>>>

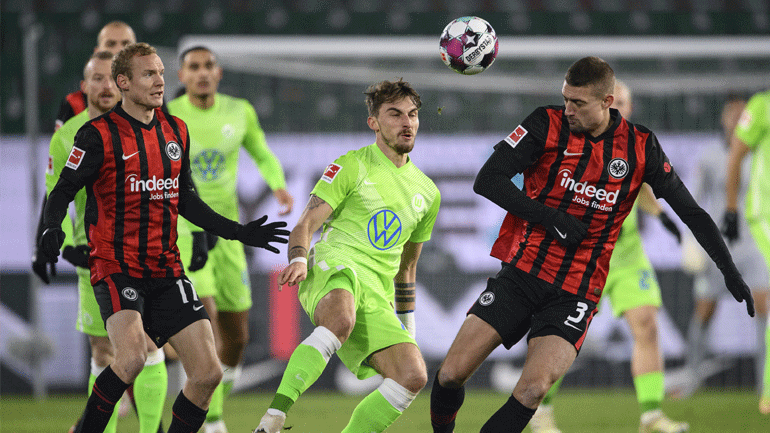 Γερμανία: Νίκη με ανατροπή στο τέλος για τη Βόλφσμπουργκ, 2-1 την Άιντραχτ Φρανκφούρτης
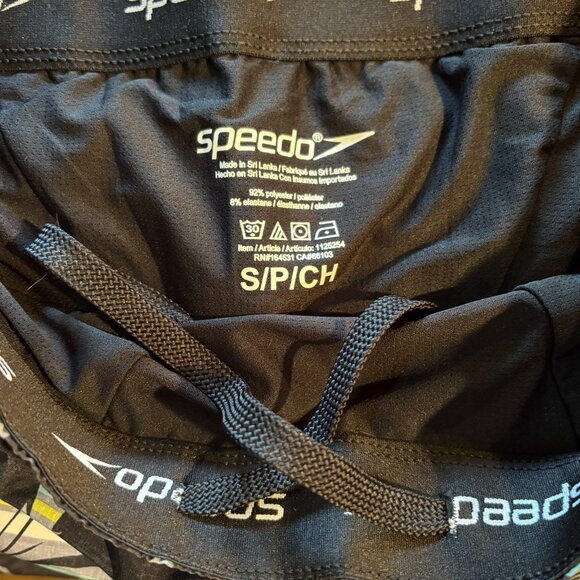 NWT Speedo Tech Volley Swim Shorts Small 30/32 Boxer Brief Liner UPF50+ Stretch - Picture 6 of 8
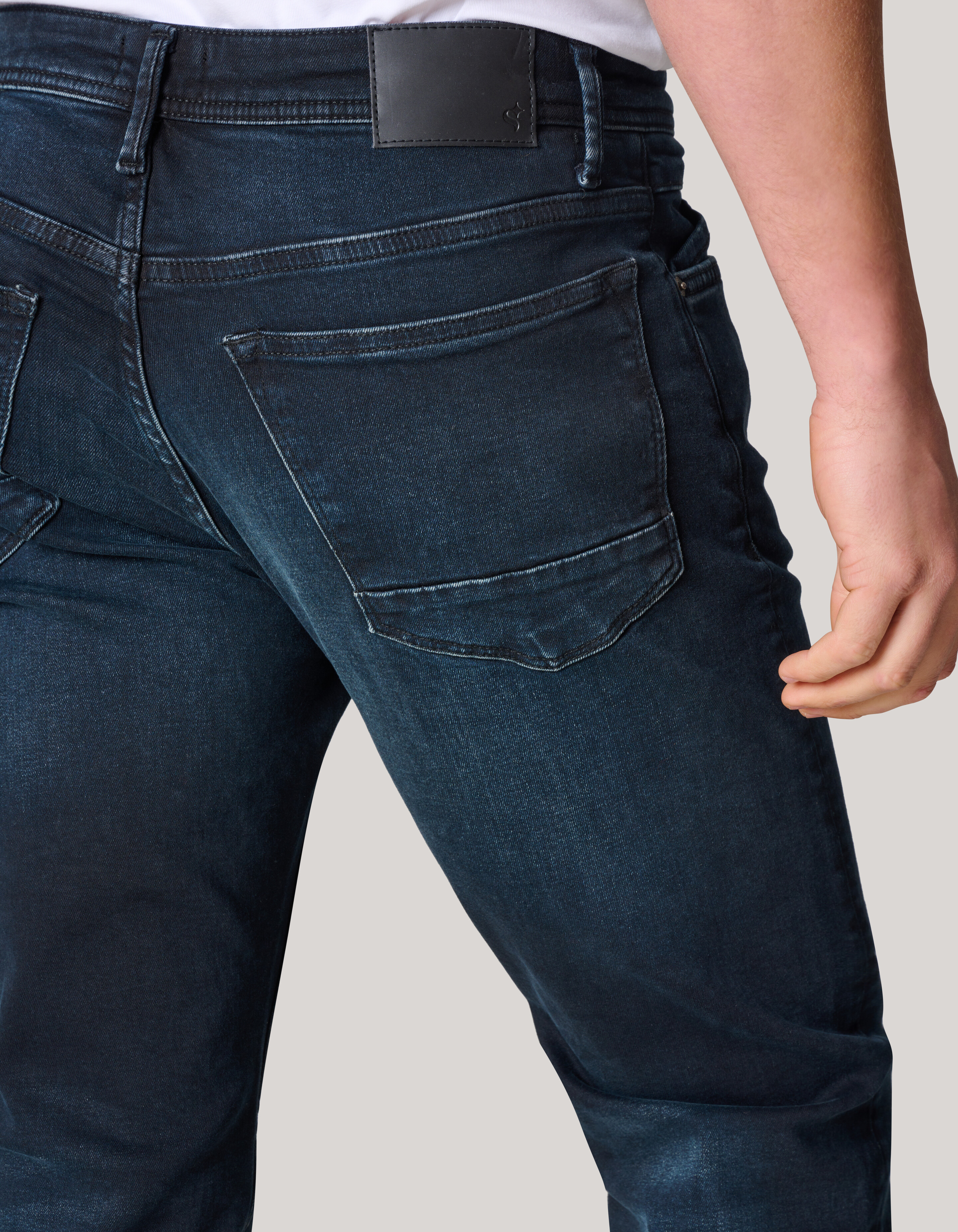 Straight Jeans Blau/Schwarz Länge 32 Refill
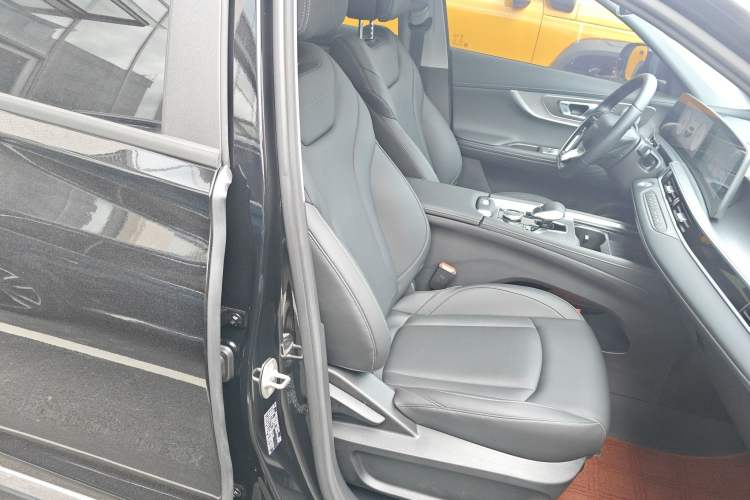 Used Chery Tiggo 8 PRO 2025 290T Two-Wheel-Drive Luxury Edition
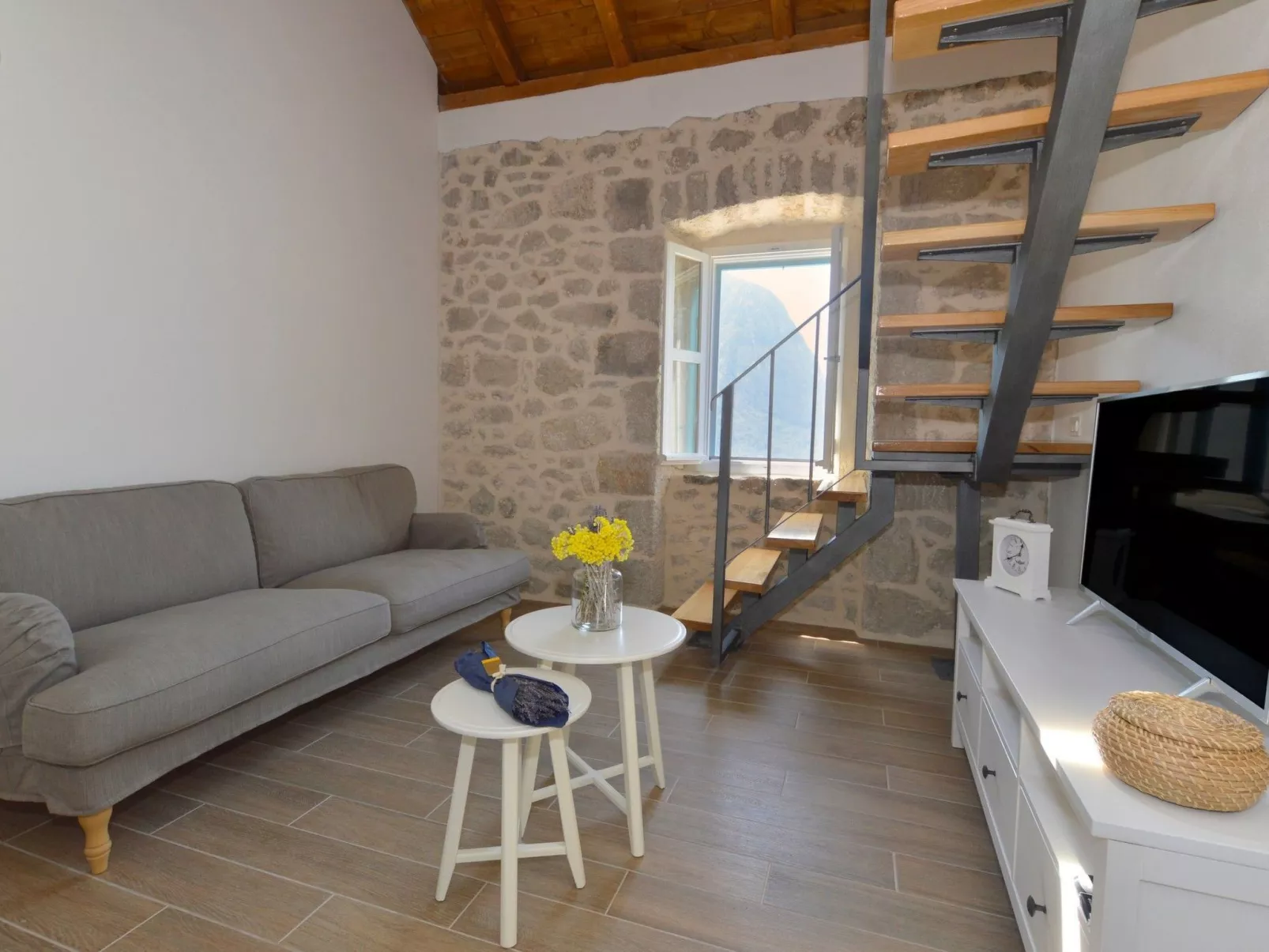 Barbarello-Image-tags.info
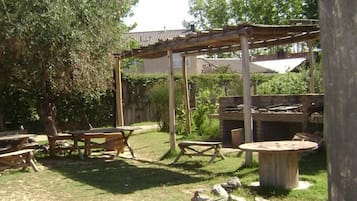 BBQ/picnic area
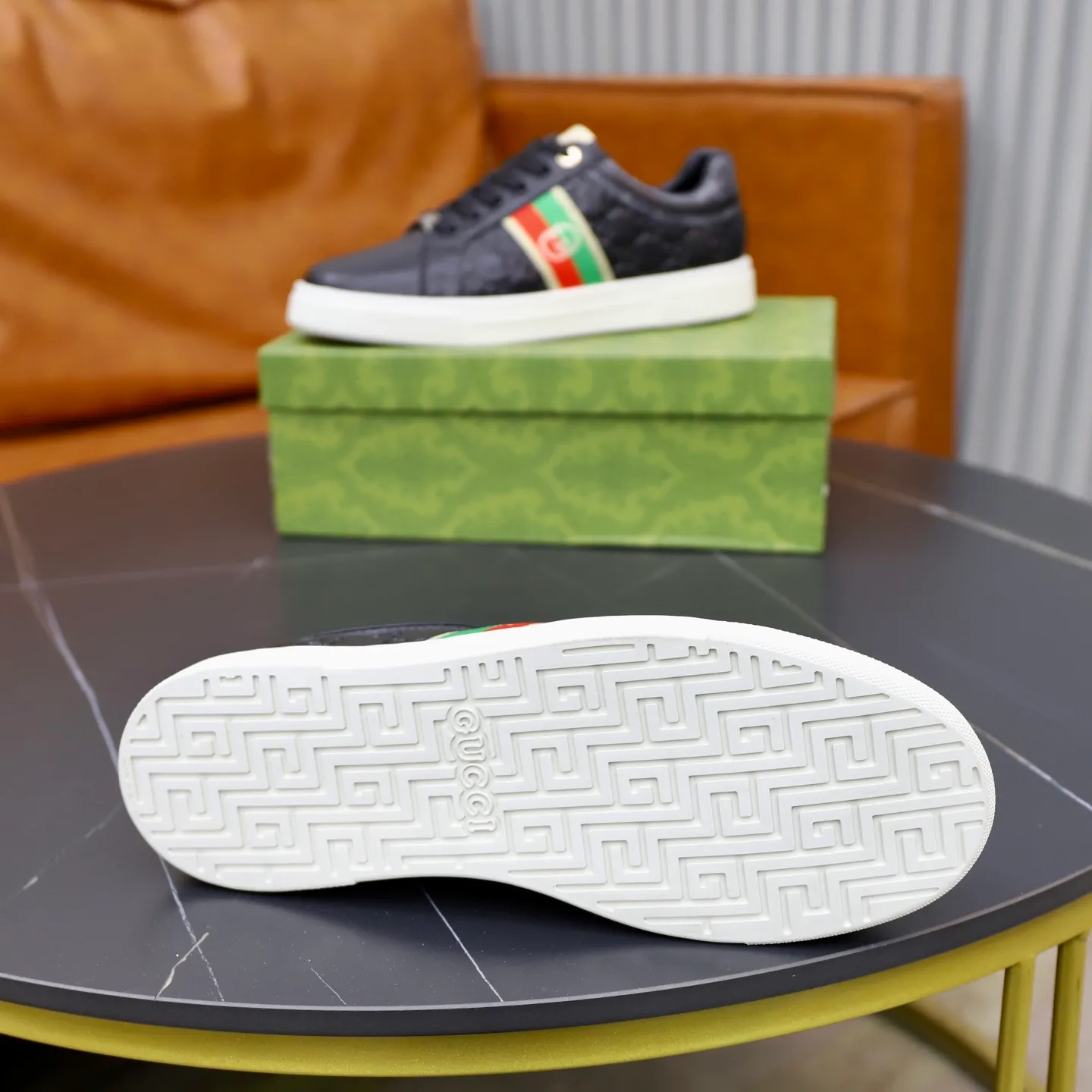 Ex-factory price: 440💰🙅‍♂️🙅‍♂️🙅‍♂️ Brand: GUCCI Standard code: 38-44 (45 customized) Grade: Same as the official website Material: Original material splicing Comfortable and breathable lining Lightweight and wear-resistant sports outsole Style category: Men's fashionable casual shoes Running sneakers Distinguished luxury brand elements Top luxury Color: actual picture color
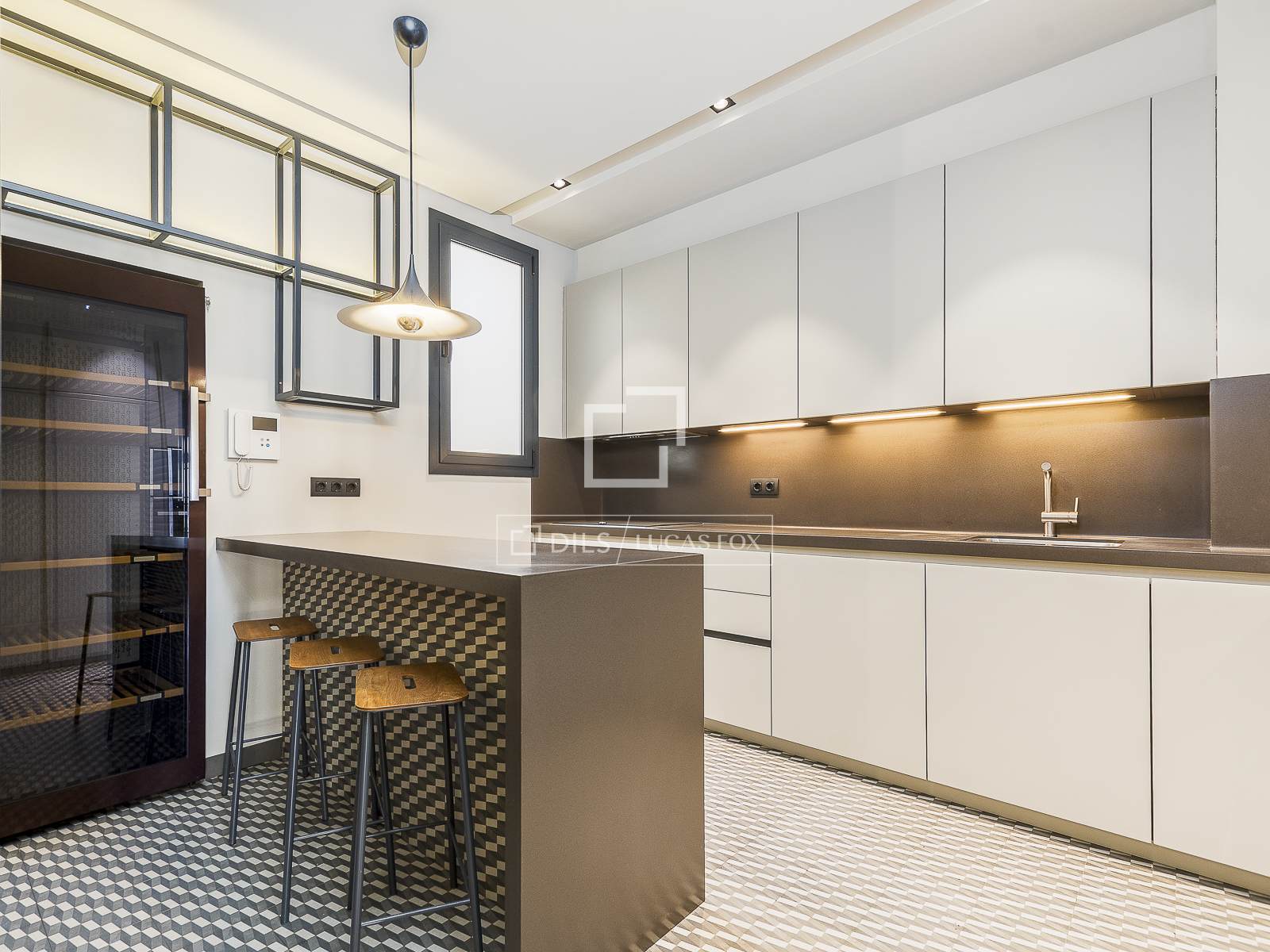 Huoneisto Barcelona, Espanja 3 makuuhuonetta, 196 m2 No. 150562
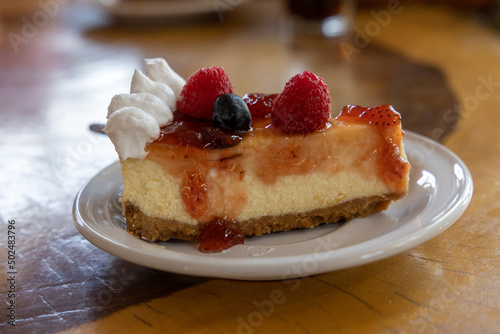 Cheesecake with Berries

<<<

- **Exercise brief**:
Lines from the one that contains "Ex-factory price: 440💰🙅‍♂️🙅‍♂️🙅‍♂️" to the final line of the material are the whole answer. Reproduce them word for word and skip the pictures.

- **Exercise answer**:
 Ex-factory price: 440💰🙅‍♂️🙅‍♂️🙅‍♂️ Brand: GUCCI Standard code: 38-44 (45 customized) Grade: Same as the official website Material: Original material splicing Comfortable and breathable lining Lightweight and wear-resistant sports outsole Style category: Men's fashionable casual shoes Running sneakers Distinguished luxury brand elements Top luxury Color: actual picture color
 Huoneisto Barcelona, Espanja 3 makuuhuonetta, 196 m2 No. 150562
 Cheesecake with Berries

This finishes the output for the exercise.